L’incertezza di vita è la condizione prevalente in Guinea Bissau, dove all’esito non ancora chiaro del Covid-19 (sono 1400 ad oggi i casi) e alla crisi post-elettorale (il risultato delle urne è stato contestato), si aggiunge l‘emergenza alimentare, acuita dalle prime piogge.

Da dove iniziare per descrivere la realtà di un Paese «che somiglia ad una polveriera?», si chiede don Lucio Brentegani, fidei donum di Verona, a Bafatà da 13 anni.

«Posso solo dirvi che a noi pare di star seduti su una cassa di dinamite pronta ad esplodere – ci spiega al telefono don Lucio – e con queste tre grosse incognite, anche solo pensare a progetti di sviluppo o a degli investimenti nel Paese è quantomeno azzardato».

Partiamo dalla fine: l’ultima delle cause di instabilità è la temporanea crisi alimentare, dovuta all’inizio della stagione delle piogge («siamo alla terza giornata, fortunatamente senza vento, che di solito è così forte da portare via anche le capanne»); al rischio malaria e alle conseguenze del Covid.

Questi mesi di pandemia hanno fermato tutte le attività e il piccolo commercio, ora la gente ne risente per davvero.

«E’ appena finita la raccolta degli anacardi, chiamati caju, e però non ci sono più scorte di riso per le famiglie, è un momento dell’anno molto delicato questo», spiega il missionario.

Proprio ora la vicinanza della parrocchia e della Caritas diocesana a Bafatà fanno la differenza: «Non abbiamo mai arrestato le nostre attività anti-Covid e di distribuzione alimentare – precisa don Lucio – Adesso però entriamo in un’altra fase ancora, e pensiamo al dopo pandemia e alla ripartenza». E’ in cantiere un nuovo progetto di sostegno alle famiglie che sono ai limiti della fame.

Crisi politica in corso

E’ necessaria una buona dose di immaginazione (e di fede) per far ripartire una diocesi in un Paese politicamente fragile, alle prese con un’incognita enorme: il nuovo governo.

«La gente qui pensa alla sussistenza, non ha tempo per la politica», precisa il missionario.

Eppure i vertici politici giocano partite a scacchi rischiosiossime (al di fuori di ogni regola), manipolando il voto dei cittadini.

Dopo la feroce disputa elettorale tra i due contendenti alla presidenza, ad aprile scorso, (Umaro Sissoco Embaló, autoproclamato presidente, ha poi ottenuto la maggioranza al ballottaggio contro il rivale riformista Domingos Simoes Pereira), il Paese attende un rimpasto di governo, poichè l’attuale sembrerebbe non rispettare la maggioranza parlamentare.

«Il 18 giugno  è la nuova data scelta dal presidente per formare un nuovo governo. Se questo non avvenisse è probabile che si sciolgano le Camere. Ma il rischio è di ulteriore accentramento di potere nelle mani di Embalò che finora ha dimostrato una scarsissima empatia con il popolo guineano e un atteggiamento dispotico», argomenta don Lucio.

Basti pensare che in piena crisi pandemica ha «organizzato un viaggio personale in Francia, ufficialmente per cure mediche, ma la gente lo ha visto come un atto di disinteresse verso il Paese in sofferenza».

Embalò è appoggiato da Nigeria, Niger, Senegal e Gambia «soprattutto per motivi etnici – precisa don Lucio –  poichè sono tutti Paesi con leader di etnia Fula».

Ma la scelta di confermare la vittoria al ballottaggio ad Embalò non ha convinto gran parte del popolo guineano e soprattutto continua a non convincere la Chiesa cattolica.

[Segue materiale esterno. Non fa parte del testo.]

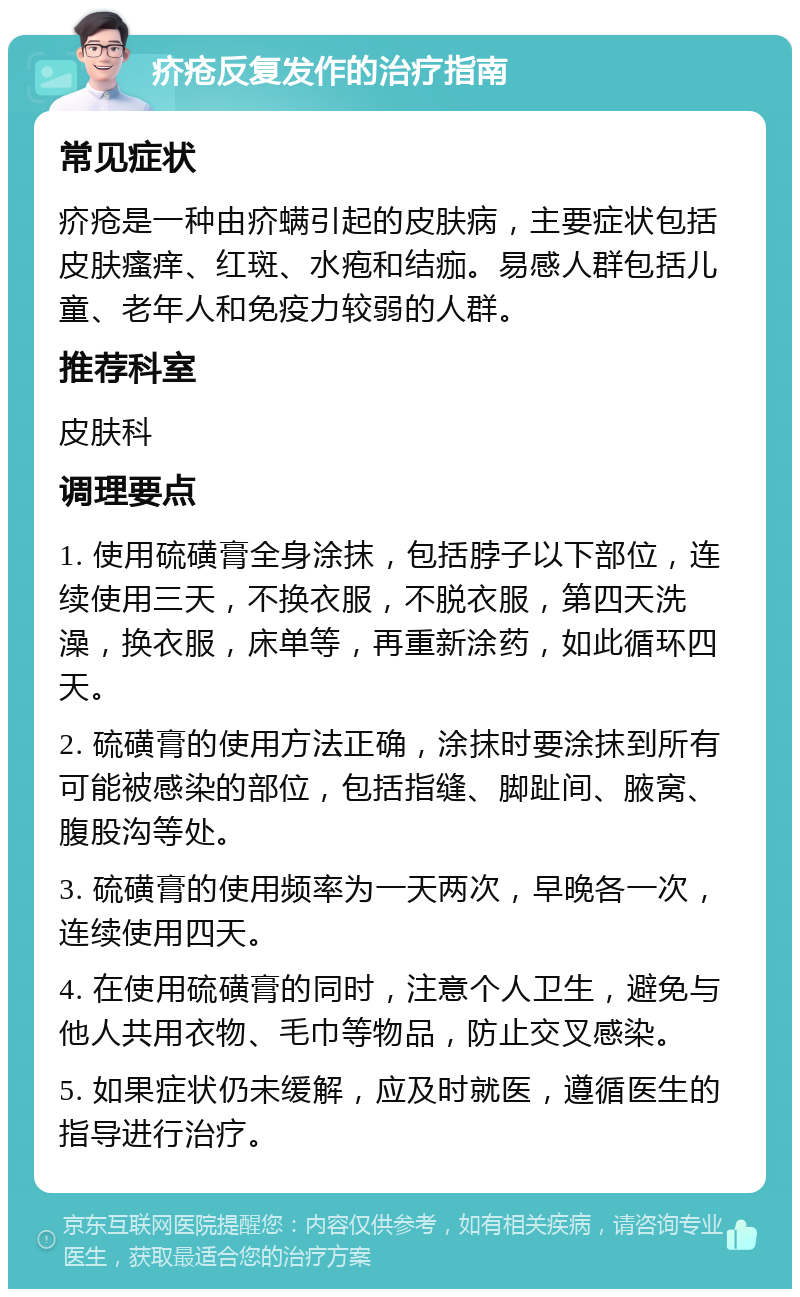 疥疮反复发作的治疗指南 常见症状 疥疮是一种由疥螨引起的皮肤病，主要症状包括皮肤瘙痒、红斑、水疱和结痂。易感人群包括儿童、老年人和免疫力较弱的人群。 推荐科室 皮肤科 调理要点 1. 使用硫磺膏全身涂抹，包括脖子以下部位，连续使用三天，不换衣服，不脱衣服，第四天洗澡，换衣服，床单等，再重新涂药，如此循环四天。 2. 硫磺膏的使用方法正确，涂抹时要涂抹到所有可能被感染的部位，包括指缝、脚趾间、腋窝、腹股沟等处。 3. 硫磺膏的使用频率为一天两次，早晚各一次，连续使用四天。 4. 在使用硫磺膏的同时，注意个人卫生，避免与他人共用衣物、毛巾等物品，防止交叉感染。 5. 如果症状仍未缓解，应及时就医，遵循医生的指导进行治疗。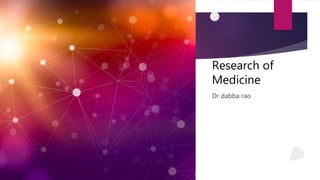 Research of
Medicine
Dr dabba rao
 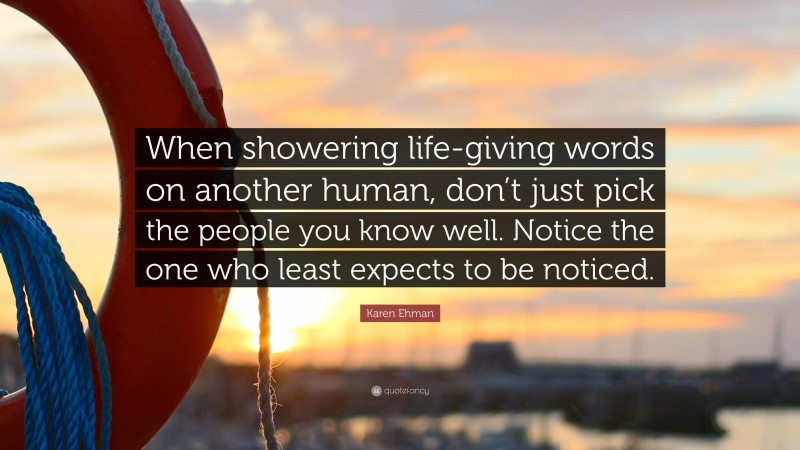 Karen Ehman Quote: “When showering life-giving words on another human, don’t just pick the people you know well. Notice the one who least expects to be noticed.”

Eppure nel Paese non esiste una vera e propria opposizione, nè c’è mai stata una consistente protesta  popolare che parte dal basso: «La classe intellettuale dissidente è andata all’estero, sono i guineani della diaspora», specifica il missionario. In Guinea è rimasta la parte di popolo più povera e sofferente e anche meno formata a livello culturale.

Infine, l’ultima incognita: quella legata al narcotraffico che per anni in Guinea Bissau ha alimentatilo un “narco-Stato”: il Paese era una via di transito per la cocaina che dall’America Latina arriva in Europa e l’incertezza politica rischia di farlo ripiombare nella gestione militarmente orientata del commercio di droga.

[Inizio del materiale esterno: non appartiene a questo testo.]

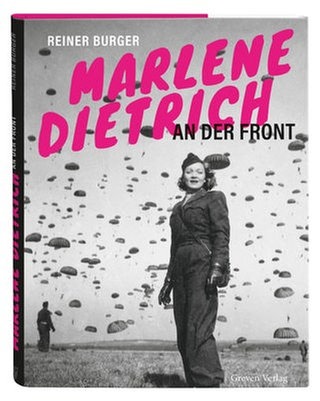 Reiner Burger – Marlene Dietrich an der Front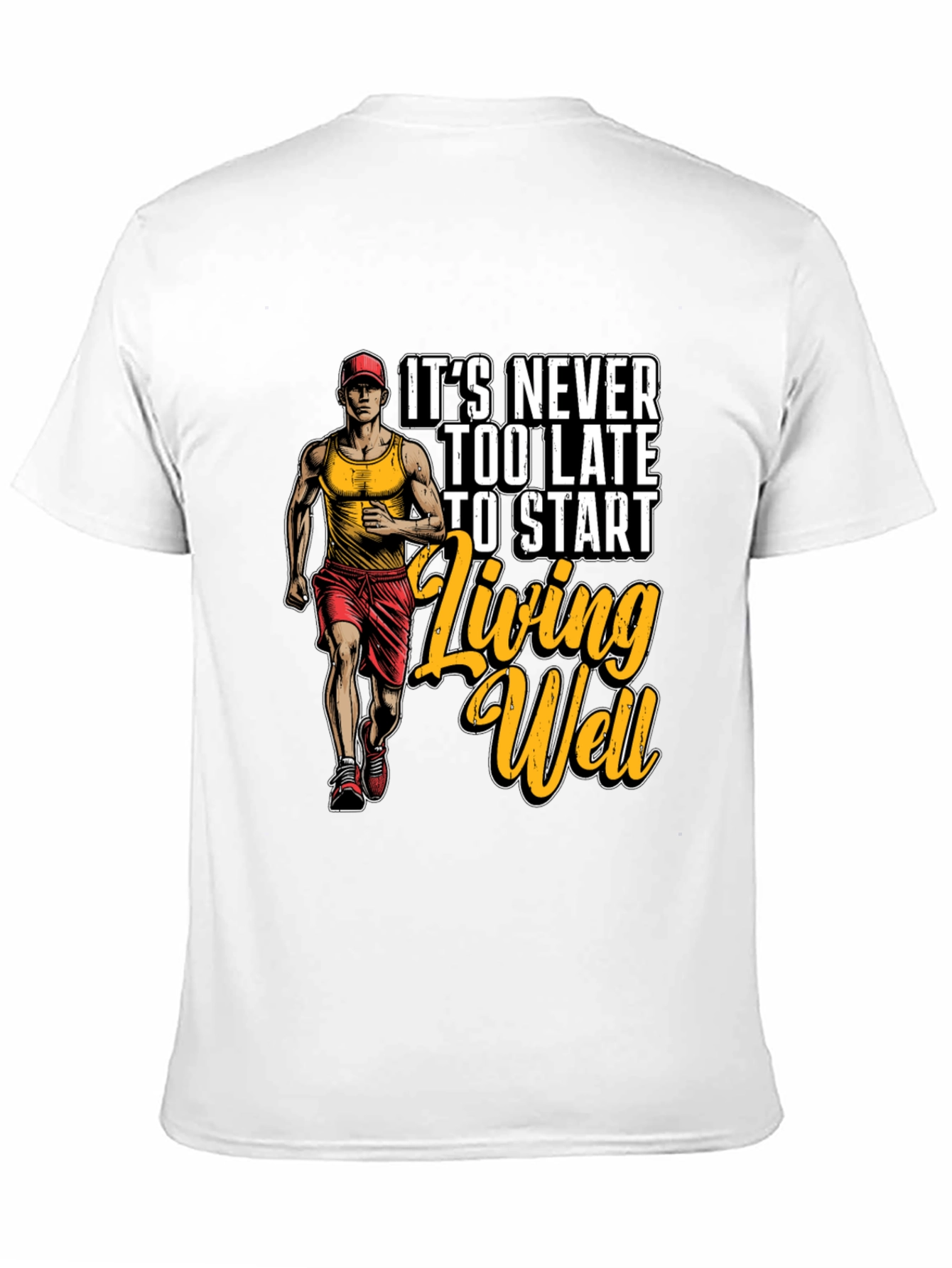 Motivational Running T-Shirt: Living Well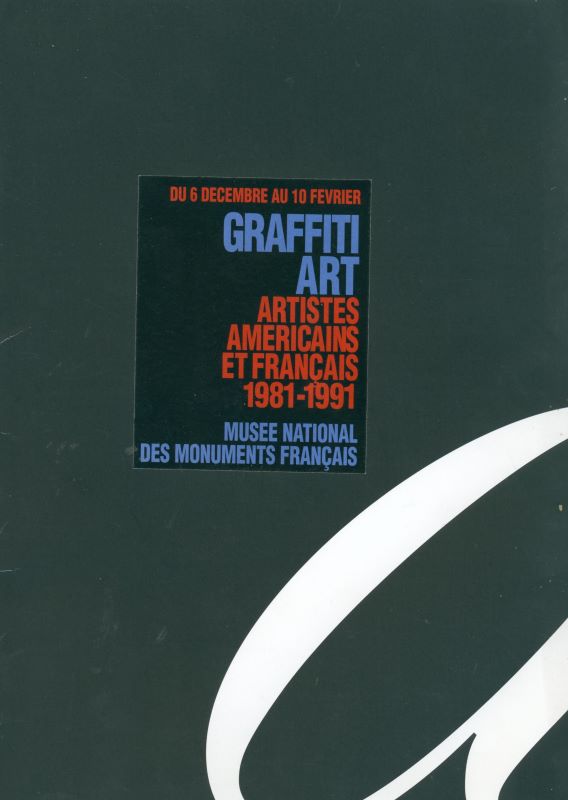 Graffiti Art: Artistes Americains et Francais 1981-1991.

Uno scenario condiviso dal missionario e descritto di recente da World Politics Review che traccia un’analisi molto chiara del pericolo di ritorno al Narco-Stato e ad un commercio di droga eterodiretto (cliccando qui l’articolo), grazie alla stretta vicinanza di Embalò all’esercito e l’appoggio che gode tra tutti i Paesi dell’Africa occidentale.